I semi-doze all the way to Graz, showing no interest in food or drink. When we arrive in Graz, I hurriedly book in and make for my room. It’s a lovely hotel with double glazing and double doors to the room, so it’s very quiet except for the noise of me going both ends. I take a hot bath and take to my sick bed. I get visits from everyone. Do I need a doctor? I say, no, a mortician. Will I be doing the show tomorrow? Not bloody likely. Bornheim will have to take my place on the squeeze box; I am delirious. Toni visits me and tells me she loves me. That’s no bloody good. I love her too, but I’ve still got the shits. Can she hurry and leave the room as something explosive is coming on. I fall into a deep sleep. I awake in the wee hours to do a wee. I’m dripping with sweat. What’s the time? 3 a.m. I take a swig at my half-bottle of whisky.
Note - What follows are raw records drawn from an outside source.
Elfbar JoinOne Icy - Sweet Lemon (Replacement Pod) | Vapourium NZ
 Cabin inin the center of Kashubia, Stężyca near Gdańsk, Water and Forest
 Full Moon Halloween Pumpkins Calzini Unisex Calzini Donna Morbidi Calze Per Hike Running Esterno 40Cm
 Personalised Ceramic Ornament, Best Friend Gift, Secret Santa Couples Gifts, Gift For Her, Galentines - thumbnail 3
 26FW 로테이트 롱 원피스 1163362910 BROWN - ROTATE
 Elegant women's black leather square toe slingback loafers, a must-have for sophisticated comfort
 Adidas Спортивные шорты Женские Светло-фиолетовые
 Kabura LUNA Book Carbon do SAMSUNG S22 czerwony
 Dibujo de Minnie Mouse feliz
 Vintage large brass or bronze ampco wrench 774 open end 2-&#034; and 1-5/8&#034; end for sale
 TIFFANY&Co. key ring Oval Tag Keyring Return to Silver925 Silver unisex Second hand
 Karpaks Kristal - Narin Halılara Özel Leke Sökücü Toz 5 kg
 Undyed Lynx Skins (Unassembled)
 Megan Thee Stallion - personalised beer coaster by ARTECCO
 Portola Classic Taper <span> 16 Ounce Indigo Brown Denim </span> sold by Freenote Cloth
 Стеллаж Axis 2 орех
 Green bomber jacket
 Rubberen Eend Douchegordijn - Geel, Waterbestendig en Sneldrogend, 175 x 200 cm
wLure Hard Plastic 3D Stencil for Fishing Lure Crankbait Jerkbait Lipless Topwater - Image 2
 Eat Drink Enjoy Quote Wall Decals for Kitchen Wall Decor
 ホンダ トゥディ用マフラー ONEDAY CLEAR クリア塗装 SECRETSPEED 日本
When I awake in the morning, I seem to have broken the back of it – it feels as if I’ve also broken its legs and arms. Twenty-four hours had passed away but I hadn’t. In two days I’m back to my normal, healthy, skinny, self. How did the act go with Bornheim deputizing for me? It was great! Curses. So I rejoin the fold.

The show is at the Theatre Hapsburg, a wonderful, small intimate theatre – one mass of gilded carvings of cherubim. This night the trio get rapturous applause from a mixed audience of Austrians and soldiers. Hall is stunned.

“Bloody hell,” he said. “We weren’t
that
good.”

“Rubbish,” says Mulgrew. “‘
They
weren’t good enough!”

Dinner that night was a treat – first food for forty-eight hours. It’s Austrian Irish stew. Bill Hall tells the waitress that his meat is very tough. She calls the chef, a large Kraut. He asks what’s wrong.

“This meat is tough.”

“Oh,” says the Kraut. “You are zer only von complaining.”

“That’s ‘cause I got all the ‘ard bits, mate.”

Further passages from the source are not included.